Dia 2: Jogo "Quem sou eu?", onde o professor irá ler um cartão por vez com características
de uma emoção e as crianças terão que adivinhar qual é. Exemplo: Faço você se sentir bem e
ficar com vontade de sorrir o tempo inteiro. Quem sou eu? Nesse momento, as crianças
poderão acrescentar outras coisas que sentem vontade de fazer quando estão sentindo
determinada emoção. (40 min)

Dia 3: (40 min)

- Organização no chão para início da meditação com música de fundo. (6 min)


- Construção em conjunto da receita para vencer a raiva. (30 min)

3° Semana

Dia 1: (50 min)


- Organização da turma no tapete e realização de meditação com música de fundo. (7
min)
- Formação de roda para utilização da ciranda das emoções, onde um aluno por vez
colocará seu emoji na coluna referente a como está se sentindo no dia. (10 min)
- Realização da teia da empatia, que será realizada da seguinte forma: em roda, uma
criança irá jogar o barbante para outra pegar, e será convidada a falar uma coisa boa a
respeito do amigo que pegou o barbante. Exemplo: "Eu gosto da Maria porque ela…".
O barbante irá sendo passado de criança em criança até todas terem falado
características ou ações boas de seus colegas, e até ter sido formada uma teia que
conecta todas as crianças. (30 min)

Dia 2: Atividade de resolução de problemas: a/o professora/o pede para uma criança retirar
uma ficha aleatoriamente de sua mão, para a leitura do problema, e as crianças, em conjunto,
pensam em atitudes e ações que podem solucionar ou melhorar aquela situação.
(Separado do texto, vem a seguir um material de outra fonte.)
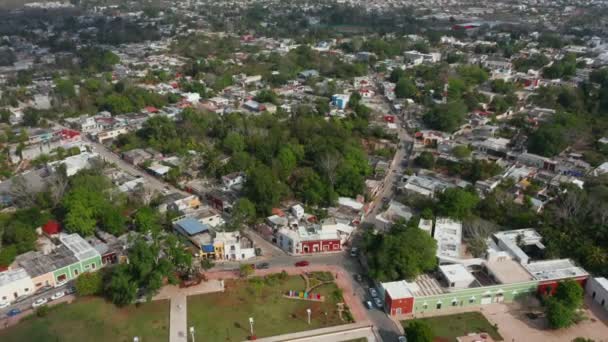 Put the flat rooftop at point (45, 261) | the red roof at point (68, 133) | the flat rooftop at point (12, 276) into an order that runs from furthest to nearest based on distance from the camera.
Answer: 1. the red roof at point (68, 133)
2. the flat rooftop at point (45, 261)
3. the flat rooftop at point (12, 276)

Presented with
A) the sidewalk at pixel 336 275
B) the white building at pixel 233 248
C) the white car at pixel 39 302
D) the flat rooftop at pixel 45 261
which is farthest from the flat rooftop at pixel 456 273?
the white car at pixel 39 302

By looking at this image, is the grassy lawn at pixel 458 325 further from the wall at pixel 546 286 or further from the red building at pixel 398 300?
the wall at pixel 546 286

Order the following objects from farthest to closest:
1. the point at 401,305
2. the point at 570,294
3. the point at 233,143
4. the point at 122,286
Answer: the point at 233,143, the point at 122,286, the point at 401,305, the point at 570,294

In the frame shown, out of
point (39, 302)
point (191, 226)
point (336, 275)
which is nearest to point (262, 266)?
point (336, 275)

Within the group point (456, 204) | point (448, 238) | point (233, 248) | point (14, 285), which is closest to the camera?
point (14, 285)

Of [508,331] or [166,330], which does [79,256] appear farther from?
[508,331]

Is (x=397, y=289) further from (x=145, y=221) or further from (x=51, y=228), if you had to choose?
(x=51, y=228)

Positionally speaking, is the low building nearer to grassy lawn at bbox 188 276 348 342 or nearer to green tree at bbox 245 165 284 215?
grassy lawn at bbox 188 276 348 342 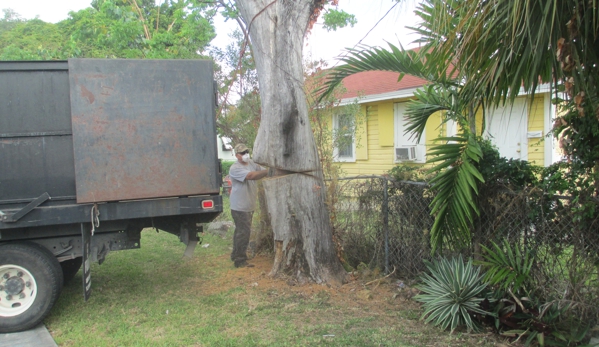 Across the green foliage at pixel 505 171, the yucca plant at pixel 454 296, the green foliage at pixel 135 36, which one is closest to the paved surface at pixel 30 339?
the yucca plant at pixel 454 296

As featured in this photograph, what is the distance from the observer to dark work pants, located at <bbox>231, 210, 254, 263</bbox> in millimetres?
7387

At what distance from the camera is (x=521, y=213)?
4570 millimetres

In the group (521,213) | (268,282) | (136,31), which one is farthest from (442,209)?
(136,31)

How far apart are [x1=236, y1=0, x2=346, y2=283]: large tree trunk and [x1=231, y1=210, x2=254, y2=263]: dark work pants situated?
1.18 metres

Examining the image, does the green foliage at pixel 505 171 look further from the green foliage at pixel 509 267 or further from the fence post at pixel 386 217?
the fence post at pixel 386 217

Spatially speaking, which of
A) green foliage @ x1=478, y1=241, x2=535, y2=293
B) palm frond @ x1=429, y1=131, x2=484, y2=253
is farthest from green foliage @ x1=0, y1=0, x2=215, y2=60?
green foliage @ x1=478, y1=241, x2=535, y2=293

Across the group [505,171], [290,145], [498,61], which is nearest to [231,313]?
[290,145]

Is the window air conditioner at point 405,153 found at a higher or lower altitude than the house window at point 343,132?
lower

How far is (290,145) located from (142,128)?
1806mm

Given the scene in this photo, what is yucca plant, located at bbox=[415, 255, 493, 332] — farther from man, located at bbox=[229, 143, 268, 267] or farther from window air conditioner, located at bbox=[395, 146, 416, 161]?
window air conditioner, located at bbox=[395, 146, 416, 161]

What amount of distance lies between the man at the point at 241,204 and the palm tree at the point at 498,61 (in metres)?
3.28

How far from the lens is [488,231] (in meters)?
4.91

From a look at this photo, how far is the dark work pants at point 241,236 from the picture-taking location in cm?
739

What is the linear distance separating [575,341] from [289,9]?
4678 mm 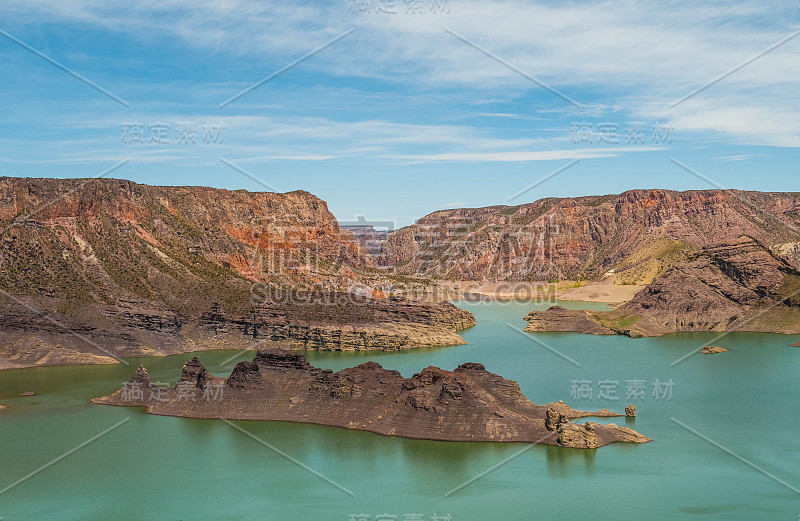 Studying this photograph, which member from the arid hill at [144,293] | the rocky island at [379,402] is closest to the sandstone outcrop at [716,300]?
the arid hill at [144,293]

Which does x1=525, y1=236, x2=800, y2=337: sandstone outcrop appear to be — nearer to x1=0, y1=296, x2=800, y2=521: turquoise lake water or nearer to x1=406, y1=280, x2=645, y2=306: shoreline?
x1=0, y1=296, x2=800, y2=521: turquoise lake water

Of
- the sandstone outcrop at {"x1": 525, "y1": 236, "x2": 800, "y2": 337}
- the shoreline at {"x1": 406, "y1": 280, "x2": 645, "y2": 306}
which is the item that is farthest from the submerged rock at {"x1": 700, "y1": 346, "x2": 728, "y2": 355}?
the shoreline at {"x1": 406, "y1": 280, "x2": 645, "y2": 306}

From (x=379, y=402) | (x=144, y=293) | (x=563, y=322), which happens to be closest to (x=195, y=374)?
(x=379, y=402)

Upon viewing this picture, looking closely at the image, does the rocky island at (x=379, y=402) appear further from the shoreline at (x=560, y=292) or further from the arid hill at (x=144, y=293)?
the shoreline at (x=560, y=292)

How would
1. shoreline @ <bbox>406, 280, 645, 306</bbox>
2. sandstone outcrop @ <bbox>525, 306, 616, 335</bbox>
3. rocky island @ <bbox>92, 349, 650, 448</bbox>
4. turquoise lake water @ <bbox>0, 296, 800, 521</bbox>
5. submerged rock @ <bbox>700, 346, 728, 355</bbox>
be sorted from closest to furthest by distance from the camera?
1. turquoise lake water @ <bbox>0, 296, 800, 521</bbox>
2. rocky island @ <bbox>92, 349, 650, 448</bbox>
3. submerged rock @ <bbox>700, 346, 728, 355</bbox>
4. sandstone outcrop @ <bbox>525, 306, 616, 335</bbox>
5. shoreline @ <bbox>406, 280, 645, 306</bbox>

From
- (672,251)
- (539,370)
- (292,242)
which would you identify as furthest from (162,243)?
(672,251)

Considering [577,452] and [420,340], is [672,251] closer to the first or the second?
[420,340] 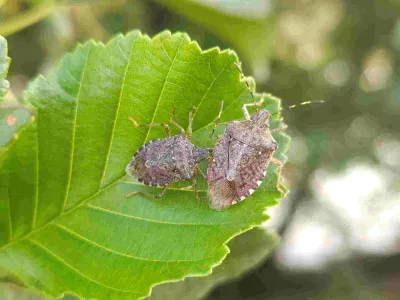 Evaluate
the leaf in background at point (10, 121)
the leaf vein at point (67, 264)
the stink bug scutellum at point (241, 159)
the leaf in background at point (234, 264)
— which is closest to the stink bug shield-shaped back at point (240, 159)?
the stink bug scutellum at point (241, 159)

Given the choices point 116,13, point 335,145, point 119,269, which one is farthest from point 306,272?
point 119,269

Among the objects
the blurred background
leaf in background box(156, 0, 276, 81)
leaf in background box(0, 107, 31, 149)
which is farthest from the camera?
the blurred background

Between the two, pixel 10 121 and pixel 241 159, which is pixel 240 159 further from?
pixel 10 121

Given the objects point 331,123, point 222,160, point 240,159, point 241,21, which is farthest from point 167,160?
point 331,123

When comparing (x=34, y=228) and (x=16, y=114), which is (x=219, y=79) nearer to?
(x=16, y=114)

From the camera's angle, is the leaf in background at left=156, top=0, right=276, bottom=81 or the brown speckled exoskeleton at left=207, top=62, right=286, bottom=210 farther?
the leaf in background at left=156, top=0, right=276, bottom=81

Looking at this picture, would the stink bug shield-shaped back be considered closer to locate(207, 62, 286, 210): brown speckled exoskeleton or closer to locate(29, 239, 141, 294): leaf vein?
locate(207, 62, 286, 210): brown speckled exoskeleton

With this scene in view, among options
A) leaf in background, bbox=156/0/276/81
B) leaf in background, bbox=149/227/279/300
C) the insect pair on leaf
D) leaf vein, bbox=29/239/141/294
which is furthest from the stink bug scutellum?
leaf in background, bbox=156/0/276/81

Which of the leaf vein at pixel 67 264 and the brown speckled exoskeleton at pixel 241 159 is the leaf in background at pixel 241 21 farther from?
the leaf vein at pixel 67 264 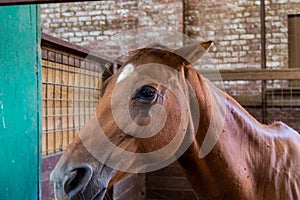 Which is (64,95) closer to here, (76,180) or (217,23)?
(76,180)

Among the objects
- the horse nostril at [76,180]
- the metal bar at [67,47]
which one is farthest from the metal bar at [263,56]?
the horse nostril at [76,180]

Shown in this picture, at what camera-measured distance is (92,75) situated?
250 centimetres

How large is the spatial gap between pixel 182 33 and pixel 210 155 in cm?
316

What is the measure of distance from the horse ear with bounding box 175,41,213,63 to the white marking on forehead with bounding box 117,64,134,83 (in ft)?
0.48

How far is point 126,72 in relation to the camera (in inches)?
37.7

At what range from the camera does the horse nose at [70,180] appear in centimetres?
81

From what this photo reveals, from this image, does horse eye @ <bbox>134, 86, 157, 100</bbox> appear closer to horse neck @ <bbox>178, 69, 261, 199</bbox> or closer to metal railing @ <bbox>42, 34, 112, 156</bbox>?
horse neck @ <bbox>178, 69, 261, 199</bbox>

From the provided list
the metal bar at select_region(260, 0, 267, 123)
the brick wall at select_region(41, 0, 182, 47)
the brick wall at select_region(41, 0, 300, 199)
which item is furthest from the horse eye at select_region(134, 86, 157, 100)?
the brick wall at select_region(41, 0, 182, 47)

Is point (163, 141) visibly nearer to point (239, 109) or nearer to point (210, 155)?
point (210, 155)

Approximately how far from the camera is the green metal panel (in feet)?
A: 3.78

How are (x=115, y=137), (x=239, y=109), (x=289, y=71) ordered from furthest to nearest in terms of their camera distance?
(x=289, y=71)
(x=239, y=109)
(x=115, y=137)

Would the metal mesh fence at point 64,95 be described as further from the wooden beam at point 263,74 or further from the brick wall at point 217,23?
the brick wall at point 217,23

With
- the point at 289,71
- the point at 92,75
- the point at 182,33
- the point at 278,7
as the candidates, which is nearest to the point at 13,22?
the point at 92,75

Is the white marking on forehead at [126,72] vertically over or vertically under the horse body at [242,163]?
over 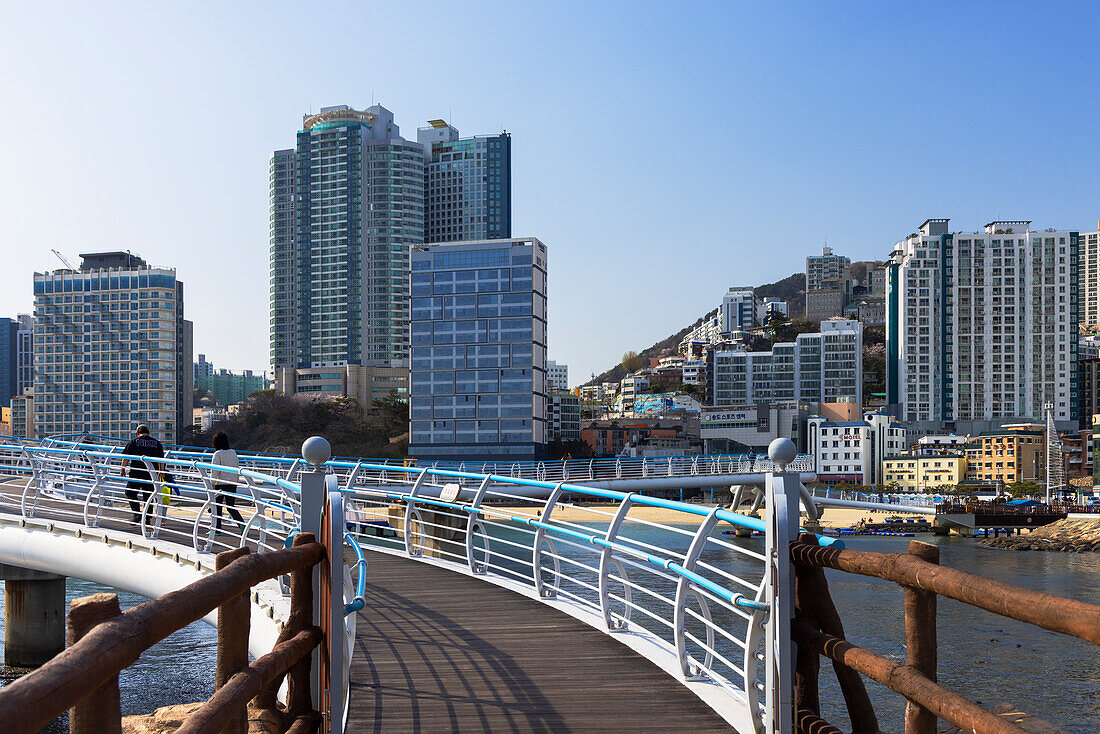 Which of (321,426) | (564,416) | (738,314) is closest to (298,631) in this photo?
(321,426)

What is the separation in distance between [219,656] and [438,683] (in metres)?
2.86

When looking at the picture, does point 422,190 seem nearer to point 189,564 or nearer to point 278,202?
point 278,202

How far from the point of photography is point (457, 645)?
21.9 feet

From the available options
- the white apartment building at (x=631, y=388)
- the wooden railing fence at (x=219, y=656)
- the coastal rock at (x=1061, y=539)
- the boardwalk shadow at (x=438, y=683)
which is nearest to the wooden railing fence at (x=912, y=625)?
the boardwalk shadow at (x=438, y=683)

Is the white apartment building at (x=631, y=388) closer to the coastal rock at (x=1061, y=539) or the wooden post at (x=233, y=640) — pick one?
the coastal rock at (x=1061, y=539)

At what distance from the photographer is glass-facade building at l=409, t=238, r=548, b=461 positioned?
314ft

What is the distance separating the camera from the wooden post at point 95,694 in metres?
1.90

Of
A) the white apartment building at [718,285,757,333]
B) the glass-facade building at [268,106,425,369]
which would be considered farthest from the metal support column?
the white apartment building at [718,285,757,333]

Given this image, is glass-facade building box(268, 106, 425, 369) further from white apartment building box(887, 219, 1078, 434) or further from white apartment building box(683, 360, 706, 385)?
white apartment building box(887, 219, 1078, 434)

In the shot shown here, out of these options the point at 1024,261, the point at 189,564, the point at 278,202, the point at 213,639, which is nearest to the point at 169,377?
the point at 278,202

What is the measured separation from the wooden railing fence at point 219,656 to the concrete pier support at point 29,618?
14.9m

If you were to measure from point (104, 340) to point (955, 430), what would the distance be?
105477 mm

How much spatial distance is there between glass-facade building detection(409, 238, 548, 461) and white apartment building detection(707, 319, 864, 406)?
43137 mm

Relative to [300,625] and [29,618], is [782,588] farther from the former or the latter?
[29,618] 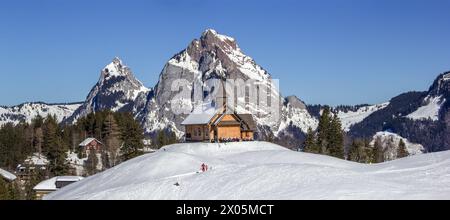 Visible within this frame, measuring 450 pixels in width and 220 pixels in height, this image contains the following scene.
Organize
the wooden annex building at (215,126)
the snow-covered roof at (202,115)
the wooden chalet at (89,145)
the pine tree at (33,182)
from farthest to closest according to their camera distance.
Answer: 1. the wooden chalet at (89,145)
2. the snow-covered roof at (202,115)
3. the wooden annex building at (215,126)
4. the pine tree at (33,182)

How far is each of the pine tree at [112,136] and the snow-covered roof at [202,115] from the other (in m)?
15.5

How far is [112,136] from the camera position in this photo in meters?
109

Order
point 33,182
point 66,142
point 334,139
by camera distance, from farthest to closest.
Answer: point 66,142 → point 334,139 → point 33,182

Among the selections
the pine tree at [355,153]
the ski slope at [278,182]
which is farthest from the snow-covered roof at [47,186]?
the pine tree at [355,153]

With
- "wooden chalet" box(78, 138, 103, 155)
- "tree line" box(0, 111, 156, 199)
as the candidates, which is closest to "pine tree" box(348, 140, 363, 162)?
"tree line" box(0, 111, 156, 199)

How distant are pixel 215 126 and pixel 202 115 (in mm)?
4264

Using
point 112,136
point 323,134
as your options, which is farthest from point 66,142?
point 323,134

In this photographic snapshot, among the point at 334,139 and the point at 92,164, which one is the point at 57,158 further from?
the point at 334,139

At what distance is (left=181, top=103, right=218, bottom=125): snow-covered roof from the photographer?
82.8m

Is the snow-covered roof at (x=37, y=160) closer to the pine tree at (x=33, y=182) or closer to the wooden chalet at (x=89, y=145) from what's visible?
the wooden chalet at (x=89, y=145)

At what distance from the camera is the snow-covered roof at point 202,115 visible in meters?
82.8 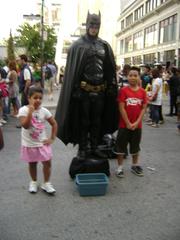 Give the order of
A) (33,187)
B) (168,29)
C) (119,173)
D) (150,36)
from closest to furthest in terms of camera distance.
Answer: (33,187) < (119,173) < (168,29) < (150,36)

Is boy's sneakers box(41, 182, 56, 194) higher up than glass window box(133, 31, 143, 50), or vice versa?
glass window box(133, 31, 143, 50)

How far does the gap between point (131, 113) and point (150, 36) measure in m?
53.2

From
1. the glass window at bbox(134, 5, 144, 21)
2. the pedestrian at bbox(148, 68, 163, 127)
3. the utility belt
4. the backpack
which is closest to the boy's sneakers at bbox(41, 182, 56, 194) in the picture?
the utility belt

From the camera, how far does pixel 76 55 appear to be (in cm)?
472

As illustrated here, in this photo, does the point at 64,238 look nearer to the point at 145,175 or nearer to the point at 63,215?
the point at 63,215

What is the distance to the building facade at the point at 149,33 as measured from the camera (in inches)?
1695

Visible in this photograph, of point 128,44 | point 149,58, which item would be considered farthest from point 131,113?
point 128,44

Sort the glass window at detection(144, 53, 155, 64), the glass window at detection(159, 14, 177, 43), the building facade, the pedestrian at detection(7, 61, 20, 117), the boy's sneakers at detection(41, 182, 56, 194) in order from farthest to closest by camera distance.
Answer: the glass window at detection(144, 53, 155, 64) < the glass window at detection(159, 14, 177, 43) < the building facade < the pedestrian at detection(7, 61, 20, 117) < the boy's sneakers at detection(41, 182, 56, 194)

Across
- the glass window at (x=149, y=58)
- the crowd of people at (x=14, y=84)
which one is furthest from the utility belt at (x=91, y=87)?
the glass window at (x=149, y=58)

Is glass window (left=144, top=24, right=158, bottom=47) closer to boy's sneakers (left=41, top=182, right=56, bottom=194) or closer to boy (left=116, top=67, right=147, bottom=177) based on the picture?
boy (left=116, top=67, right=147, bottom=177)

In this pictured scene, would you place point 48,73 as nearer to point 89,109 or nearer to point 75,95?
point 89,109

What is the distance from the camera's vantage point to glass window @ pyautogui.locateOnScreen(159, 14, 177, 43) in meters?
43.2

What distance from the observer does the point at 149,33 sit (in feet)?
187

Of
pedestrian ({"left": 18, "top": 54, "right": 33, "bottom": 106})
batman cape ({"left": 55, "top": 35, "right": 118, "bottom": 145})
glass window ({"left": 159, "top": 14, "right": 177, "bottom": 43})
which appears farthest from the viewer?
glass window ({"left": 159, "top": 14, "right": 177, "bottom": 43}) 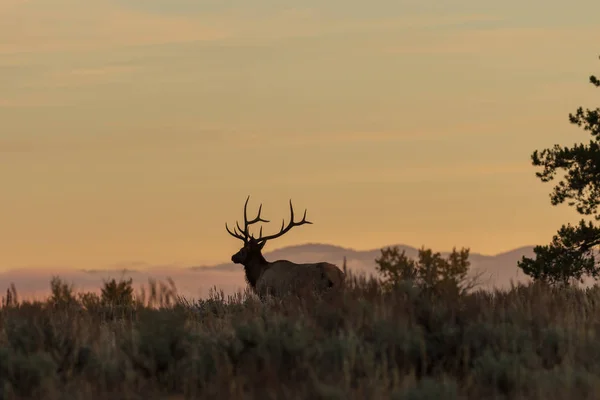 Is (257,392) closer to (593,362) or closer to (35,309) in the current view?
(593,362)

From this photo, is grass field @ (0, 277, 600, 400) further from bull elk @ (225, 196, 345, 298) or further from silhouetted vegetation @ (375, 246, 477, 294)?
bull elk @ (225, 196, 345, 298)

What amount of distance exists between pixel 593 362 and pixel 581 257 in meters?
15.0

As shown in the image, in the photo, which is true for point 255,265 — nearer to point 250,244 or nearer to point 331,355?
point 250,244

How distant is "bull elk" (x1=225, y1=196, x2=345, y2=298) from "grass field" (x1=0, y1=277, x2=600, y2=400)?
9026 mm

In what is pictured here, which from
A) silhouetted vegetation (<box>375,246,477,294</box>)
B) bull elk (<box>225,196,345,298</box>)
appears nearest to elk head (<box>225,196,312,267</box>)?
bull elk (<box>225,196,345,298</box>)

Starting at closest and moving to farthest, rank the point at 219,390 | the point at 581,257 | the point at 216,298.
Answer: the point at 219,390 < the point at 216,298 < the point at 581,257

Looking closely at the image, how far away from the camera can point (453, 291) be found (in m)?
12.4

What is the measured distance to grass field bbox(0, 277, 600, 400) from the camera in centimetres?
868

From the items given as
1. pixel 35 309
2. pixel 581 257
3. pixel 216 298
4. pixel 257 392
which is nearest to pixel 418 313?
pixel 257 392

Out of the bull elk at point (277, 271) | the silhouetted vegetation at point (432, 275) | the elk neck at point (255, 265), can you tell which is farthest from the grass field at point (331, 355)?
the elk neck at point (255, 265)

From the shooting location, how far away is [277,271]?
2411cm

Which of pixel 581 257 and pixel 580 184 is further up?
pixel 580 184

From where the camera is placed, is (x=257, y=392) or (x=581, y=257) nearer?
(x=257, y=392)

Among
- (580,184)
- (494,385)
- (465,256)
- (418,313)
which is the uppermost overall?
(580,184) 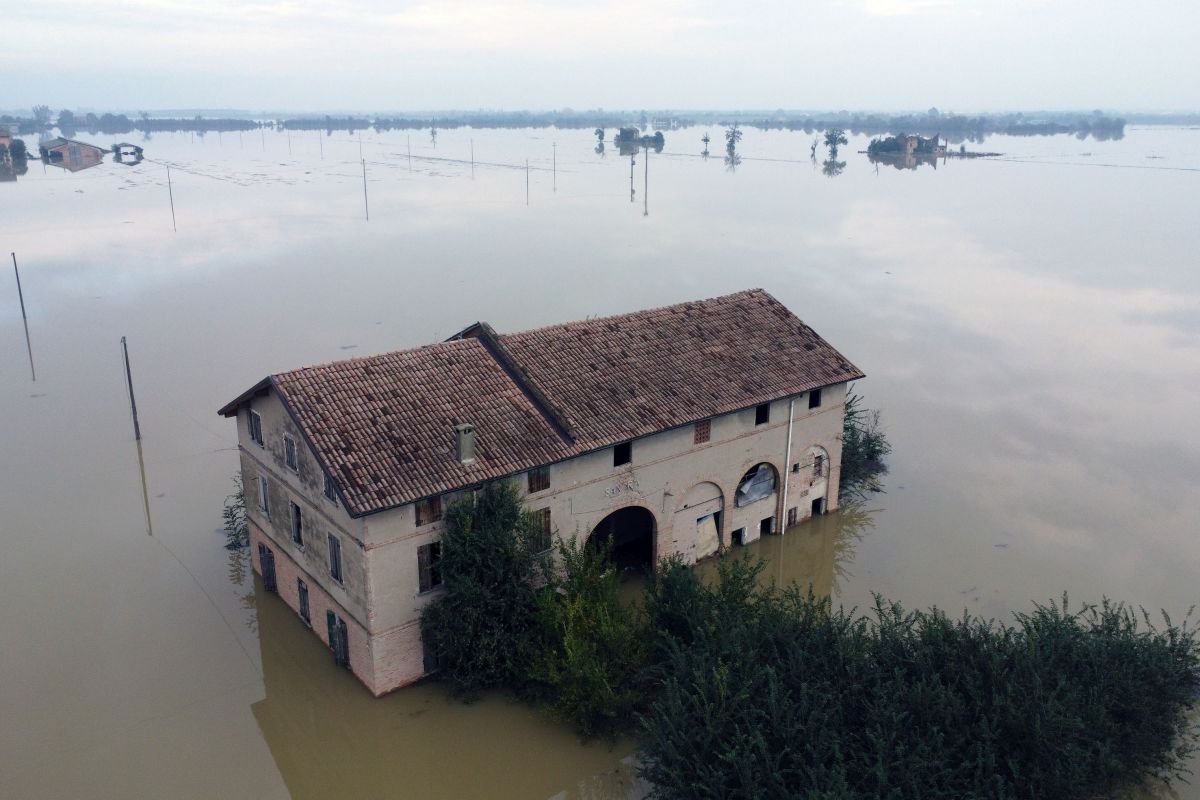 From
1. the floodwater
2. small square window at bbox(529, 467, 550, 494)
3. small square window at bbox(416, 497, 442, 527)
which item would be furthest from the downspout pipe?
small square window at bbox(416, 497, 442, 527)

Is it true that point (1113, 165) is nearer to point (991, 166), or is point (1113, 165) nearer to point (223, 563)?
point (991, 166)

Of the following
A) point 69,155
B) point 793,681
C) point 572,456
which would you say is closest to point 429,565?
point 572,456

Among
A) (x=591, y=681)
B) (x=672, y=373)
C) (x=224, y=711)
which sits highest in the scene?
(x=672, y=373)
Exemplo de
ficha: “Pedro está muito chateado, pois seu colega não quer brincar da mesma brincadeira
que ele.” (30 min)

Dia 3: (40 min)

- Organização no chão para início da meditação com música de fundo. (8 min)


- Construção em conjunto da receita para vencer a tristeza. (30 min)

4° Semana

Dia 1: (30 min)

- Exercício de meditação com música de fundo. (9 min)

- Ciranda das emoções. Formação de roda para falar sobre como cada criança está se
sentindo no dia. (20 min)

Dia 2: Atividade de pintura: realização de desenho com tintas sobre o que o aluno aprendeu
durante as quatro semanas, ou o que mais chamou sua atenção. (40 min)

Dia 3: Encerramento (1h)

- Experiência de meditação no pátio com música de fundo. (10 min)


- Roda de conversa para mostrar os desenhos e falar a respeito do significado de cada
um e compartilhamento do que cada criança viveu a partir das práticas meditativas.
(20 min)

- Confecção de mural com todas as pinturas feitas pelas crianças. (10 min)

- Lanche coletivo (20 min)

AVALIAÇÃO

A avaliação será realizada de forma processual, ou seja, ao longo da sequência


didática, considerando pontos como participação, protagonismo e envolvimento dos alunos
nos registros da ciranda das emoções, nas atividades cotidianas propostas e, também, nas
falas e reflexões nas rodas de conversas. Além da participação nos exercícios meditativos, e
as composições artísticas exibidas no mural.

REFERÊNCIAS BIBLIOGRÁFICAS

CHRISPINO, Álvaro. Gestão do conflito escolar: da classificação dos conflitos aos modelos
de mediação. In: Ensaio: aval. pol. públ. Educ., Rio de Janeiro, v.15, n.54, p. 11-28, jan./mar.
2007. Disponível em: http://www.scielo.br/pdf/ensaio/v15n54/a02v1554.pdf

CREMA, Roberto. Introdução a visão holística: breve relato da viagem ao novo paradigma.
São Paulo. Editora Summus Editorial. 1989.

LARROSA, Jorge. Notas sobre a experiência e o saber da experiência. Revista Brasileira de


Educação, n. 19, jan./abr. 2002.

MACEDO, Malu. Educação holística. (2008). Disponível em: www.textolivre.com.br.


Consulta realizada em 02.06.10, às 23:58h. TAVARES, Clotilde. Iniciação à visão Holística.
Rio de Janeiro. Editora Record.2000.

TAVARES, Clotilde. Iniciação à visão Holística. Rio de Janeiro. Editora Record.2000.


TOLENTINO, Luana. Outra Educação é Possível: feminismo, antirracismo e inclusão em
sala de aula. Belo Horizonte: Mazza Edições, 2018.